The worthiness of such effort by the members to raise "themselves and their wives above pauperism" was recognised by the principal ratepayersCircular Letter from the Committee of the Yateley Branch of the Hants Friendly Society to Ratepayers 25th March 1879. They served the club in an honorary capacity and also gave some financial support, on one occasion in a most generous fashion:-


"The late Mr. Bertram Currie was astounded when Mr. Stooks told him of the existence of the Old Club and said he thought it was wonderful to think that in 1819 there were men in Yateley who had any idea of looking out for themselves and providing for sickness or any infirmity, he thought their successors were deserving of all praise and encouragement, he handed Mr. Stooks a cheque for 100 Pounds to be put to the funds." Tice, op. cit.


The Festival Day


The festival or feast day was the principal event in the club year:-


"11. This Society shall have a feast annually on Whit Wednesday, the expence of which is to be paid by the members {individually} {this is overwritten 'who partake thereof'} when every member shall attend at the club house at ten o'clock in the forenoon... and afterwards proceed decently to church; with a favour of blue and orange in his hat, to hear a sermon, and to return to dinner; the members to walk two by two in procession, either going to church or coming from it... Club hours to commence at nine o'clock in the forenoon till ten at night. No part of the expences to come out of the fund." Rules and Orders, op. cit.

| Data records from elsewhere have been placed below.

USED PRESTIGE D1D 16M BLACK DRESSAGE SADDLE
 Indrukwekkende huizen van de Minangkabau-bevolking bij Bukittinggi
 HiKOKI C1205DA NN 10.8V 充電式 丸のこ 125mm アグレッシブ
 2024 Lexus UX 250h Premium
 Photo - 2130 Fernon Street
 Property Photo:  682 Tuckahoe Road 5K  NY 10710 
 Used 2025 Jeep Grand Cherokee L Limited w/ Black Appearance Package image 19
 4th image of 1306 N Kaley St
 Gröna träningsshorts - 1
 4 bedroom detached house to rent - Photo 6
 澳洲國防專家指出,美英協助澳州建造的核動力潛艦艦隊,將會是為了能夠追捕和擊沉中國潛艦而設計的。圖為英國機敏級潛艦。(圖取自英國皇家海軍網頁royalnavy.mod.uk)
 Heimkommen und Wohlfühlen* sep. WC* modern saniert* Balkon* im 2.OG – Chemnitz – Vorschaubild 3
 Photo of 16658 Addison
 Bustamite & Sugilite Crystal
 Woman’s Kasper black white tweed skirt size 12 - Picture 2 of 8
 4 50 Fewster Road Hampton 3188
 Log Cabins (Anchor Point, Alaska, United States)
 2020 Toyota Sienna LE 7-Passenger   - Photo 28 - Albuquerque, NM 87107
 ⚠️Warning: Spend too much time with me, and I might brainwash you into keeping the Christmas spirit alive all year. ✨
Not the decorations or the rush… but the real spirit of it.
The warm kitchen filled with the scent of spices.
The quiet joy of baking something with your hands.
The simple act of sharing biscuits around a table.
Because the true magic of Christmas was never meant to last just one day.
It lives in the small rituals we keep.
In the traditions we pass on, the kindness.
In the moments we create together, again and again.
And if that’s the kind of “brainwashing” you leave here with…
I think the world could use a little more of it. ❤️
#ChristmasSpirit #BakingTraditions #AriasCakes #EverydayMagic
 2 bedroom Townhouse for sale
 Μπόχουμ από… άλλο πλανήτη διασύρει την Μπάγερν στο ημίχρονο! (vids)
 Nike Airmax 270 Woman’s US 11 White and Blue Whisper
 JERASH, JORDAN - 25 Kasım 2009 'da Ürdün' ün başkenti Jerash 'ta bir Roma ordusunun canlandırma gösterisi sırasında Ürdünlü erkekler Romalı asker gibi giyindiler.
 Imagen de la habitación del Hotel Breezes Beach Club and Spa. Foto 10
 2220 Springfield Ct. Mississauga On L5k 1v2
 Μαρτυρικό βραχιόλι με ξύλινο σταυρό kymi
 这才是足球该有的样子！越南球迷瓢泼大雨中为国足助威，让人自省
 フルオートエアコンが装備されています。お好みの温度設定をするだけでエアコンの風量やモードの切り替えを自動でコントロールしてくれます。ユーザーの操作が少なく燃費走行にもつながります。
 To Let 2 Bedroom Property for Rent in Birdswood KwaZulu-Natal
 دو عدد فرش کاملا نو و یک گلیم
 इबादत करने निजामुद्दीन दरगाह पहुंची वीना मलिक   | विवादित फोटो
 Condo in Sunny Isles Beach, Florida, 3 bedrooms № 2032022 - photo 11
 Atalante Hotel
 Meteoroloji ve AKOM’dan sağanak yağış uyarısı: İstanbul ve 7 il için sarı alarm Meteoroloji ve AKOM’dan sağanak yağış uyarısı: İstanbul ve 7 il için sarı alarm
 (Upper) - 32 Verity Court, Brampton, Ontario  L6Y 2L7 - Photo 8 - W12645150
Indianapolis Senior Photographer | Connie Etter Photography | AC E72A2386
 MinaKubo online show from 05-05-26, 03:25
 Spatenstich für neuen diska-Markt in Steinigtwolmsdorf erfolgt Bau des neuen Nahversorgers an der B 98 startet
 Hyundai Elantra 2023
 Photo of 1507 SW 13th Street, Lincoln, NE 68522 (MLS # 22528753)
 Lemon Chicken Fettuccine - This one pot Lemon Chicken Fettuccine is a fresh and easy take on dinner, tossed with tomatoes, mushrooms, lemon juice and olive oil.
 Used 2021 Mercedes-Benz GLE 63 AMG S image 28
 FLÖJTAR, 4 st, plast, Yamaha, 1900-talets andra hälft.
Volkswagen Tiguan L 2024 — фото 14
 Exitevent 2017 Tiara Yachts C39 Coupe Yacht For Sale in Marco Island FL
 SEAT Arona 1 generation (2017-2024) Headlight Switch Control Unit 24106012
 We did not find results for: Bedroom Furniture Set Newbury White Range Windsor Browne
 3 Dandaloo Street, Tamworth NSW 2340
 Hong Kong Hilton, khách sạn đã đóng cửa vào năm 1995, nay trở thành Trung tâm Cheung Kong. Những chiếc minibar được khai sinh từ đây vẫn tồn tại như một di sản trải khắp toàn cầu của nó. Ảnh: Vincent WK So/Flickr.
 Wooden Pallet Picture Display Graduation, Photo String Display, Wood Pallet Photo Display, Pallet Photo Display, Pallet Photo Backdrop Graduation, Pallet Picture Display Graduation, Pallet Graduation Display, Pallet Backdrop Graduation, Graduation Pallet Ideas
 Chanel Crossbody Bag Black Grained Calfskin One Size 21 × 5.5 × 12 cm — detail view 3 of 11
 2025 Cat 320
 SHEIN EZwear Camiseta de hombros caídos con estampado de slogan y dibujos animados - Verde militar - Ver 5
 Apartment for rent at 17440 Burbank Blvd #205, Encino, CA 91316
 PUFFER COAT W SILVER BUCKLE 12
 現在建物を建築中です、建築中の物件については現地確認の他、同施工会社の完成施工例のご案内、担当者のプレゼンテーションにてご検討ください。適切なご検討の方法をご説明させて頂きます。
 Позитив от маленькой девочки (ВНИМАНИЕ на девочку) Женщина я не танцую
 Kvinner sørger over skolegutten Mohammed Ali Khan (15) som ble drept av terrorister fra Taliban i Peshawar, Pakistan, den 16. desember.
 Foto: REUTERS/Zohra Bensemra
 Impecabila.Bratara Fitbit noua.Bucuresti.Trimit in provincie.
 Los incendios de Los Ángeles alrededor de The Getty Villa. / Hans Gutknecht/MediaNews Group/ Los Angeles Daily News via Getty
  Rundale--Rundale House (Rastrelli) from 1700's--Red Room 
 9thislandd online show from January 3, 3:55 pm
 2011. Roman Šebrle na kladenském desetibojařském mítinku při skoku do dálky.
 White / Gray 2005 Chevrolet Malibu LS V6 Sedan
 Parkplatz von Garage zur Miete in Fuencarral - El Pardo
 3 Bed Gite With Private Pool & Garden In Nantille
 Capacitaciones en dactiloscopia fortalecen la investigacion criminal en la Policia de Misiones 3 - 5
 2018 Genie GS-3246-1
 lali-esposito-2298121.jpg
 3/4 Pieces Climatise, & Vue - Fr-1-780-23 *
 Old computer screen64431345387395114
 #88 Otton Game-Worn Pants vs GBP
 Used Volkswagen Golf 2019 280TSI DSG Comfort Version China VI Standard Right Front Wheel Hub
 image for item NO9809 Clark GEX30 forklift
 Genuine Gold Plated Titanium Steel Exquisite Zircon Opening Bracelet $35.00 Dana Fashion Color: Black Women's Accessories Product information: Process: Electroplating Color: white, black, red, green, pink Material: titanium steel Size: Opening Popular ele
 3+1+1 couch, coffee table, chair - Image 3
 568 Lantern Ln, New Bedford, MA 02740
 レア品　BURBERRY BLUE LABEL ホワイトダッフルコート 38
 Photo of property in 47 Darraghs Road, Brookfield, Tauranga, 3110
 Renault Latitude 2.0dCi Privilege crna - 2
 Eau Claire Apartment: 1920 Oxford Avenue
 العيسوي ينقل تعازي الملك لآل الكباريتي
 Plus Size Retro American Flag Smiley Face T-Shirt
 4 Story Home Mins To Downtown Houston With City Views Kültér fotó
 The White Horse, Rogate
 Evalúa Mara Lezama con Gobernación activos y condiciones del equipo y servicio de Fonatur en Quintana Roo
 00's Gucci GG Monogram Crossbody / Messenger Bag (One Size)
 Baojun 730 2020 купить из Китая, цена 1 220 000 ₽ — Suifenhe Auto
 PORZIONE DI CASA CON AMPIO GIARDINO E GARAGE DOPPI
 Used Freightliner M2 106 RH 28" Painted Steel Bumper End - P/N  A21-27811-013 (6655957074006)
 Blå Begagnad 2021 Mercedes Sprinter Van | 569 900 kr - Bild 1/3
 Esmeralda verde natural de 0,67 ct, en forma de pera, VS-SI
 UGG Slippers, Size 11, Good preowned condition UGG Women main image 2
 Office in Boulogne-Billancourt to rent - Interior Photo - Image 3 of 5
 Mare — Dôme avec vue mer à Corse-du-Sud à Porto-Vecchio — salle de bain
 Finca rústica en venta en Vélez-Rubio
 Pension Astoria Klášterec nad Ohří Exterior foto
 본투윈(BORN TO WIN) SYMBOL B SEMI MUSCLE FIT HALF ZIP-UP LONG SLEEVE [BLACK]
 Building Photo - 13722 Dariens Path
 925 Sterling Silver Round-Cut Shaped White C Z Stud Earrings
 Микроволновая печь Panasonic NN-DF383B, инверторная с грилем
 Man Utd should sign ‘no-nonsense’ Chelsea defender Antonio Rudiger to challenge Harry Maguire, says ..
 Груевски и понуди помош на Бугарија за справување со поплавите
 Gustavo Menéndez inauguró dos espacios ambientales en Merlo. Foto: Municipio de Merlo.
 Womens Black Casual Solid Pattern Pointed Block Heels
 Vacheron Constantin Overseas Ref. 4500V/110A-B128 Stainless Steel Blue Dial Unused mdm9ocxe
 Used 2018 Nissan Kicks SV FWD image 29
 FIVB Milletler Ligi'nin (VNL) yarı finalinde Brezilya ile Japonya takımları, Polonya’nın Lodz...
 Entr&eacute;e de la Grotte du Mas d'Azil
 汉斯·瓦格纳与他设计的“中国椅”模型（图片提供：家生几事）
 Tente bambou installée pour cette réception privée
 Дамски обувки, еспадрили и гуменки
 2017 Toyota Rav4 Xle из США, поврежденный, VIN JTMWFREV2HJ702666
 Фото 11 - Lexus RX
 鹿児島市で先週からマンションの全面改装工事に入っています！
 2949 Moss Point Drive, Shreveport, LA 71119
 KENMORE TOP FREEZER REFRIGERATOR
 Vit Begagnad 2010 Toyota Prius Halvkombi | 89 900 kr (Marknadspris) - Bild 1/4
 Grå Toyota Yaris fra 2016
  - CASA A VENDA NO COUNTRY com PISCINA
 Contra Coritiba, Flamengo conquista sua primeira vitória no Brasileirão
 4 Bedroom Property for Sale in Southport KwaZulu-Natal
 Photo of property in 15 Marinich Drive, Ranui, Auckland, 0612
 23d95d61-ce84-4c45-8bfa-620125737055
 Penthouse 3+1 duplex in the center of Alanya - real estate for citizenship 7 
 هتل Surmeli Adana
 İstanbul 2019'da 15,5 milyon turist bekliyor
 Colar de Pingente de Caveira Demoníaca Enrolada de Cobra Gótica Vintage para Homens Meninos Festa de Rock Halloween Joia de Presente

"The members used to meet once a year and dine together in a large marquee that was placed on the Green in front of the Dog and Partridge, they hired a band of music, and at 11a.m. a procession was formed in front of the Dog and Partridge and headed by the Band and Banners of the two Societies, proceeded to the Vicarage to escort the Vicar down to the Church to hold a short service for them with an address, we then reformed the procession and took him back, by the time we got back to the Club house it was 1 p.m., dinner time. It was then served in the marquee to which about 125 sat down, including the gentry and others who could afford the time to come, the tickets were 2/6.

"The late Mr. J.P. Stillwell who took a great interest in the Clubs generally presided. The Green would be turned into a fair ground, and the road from the Dog and Partridge down to the maim road would be quite a street with stalls on either side, there were often two sets of round-abouts and coconut shies galore.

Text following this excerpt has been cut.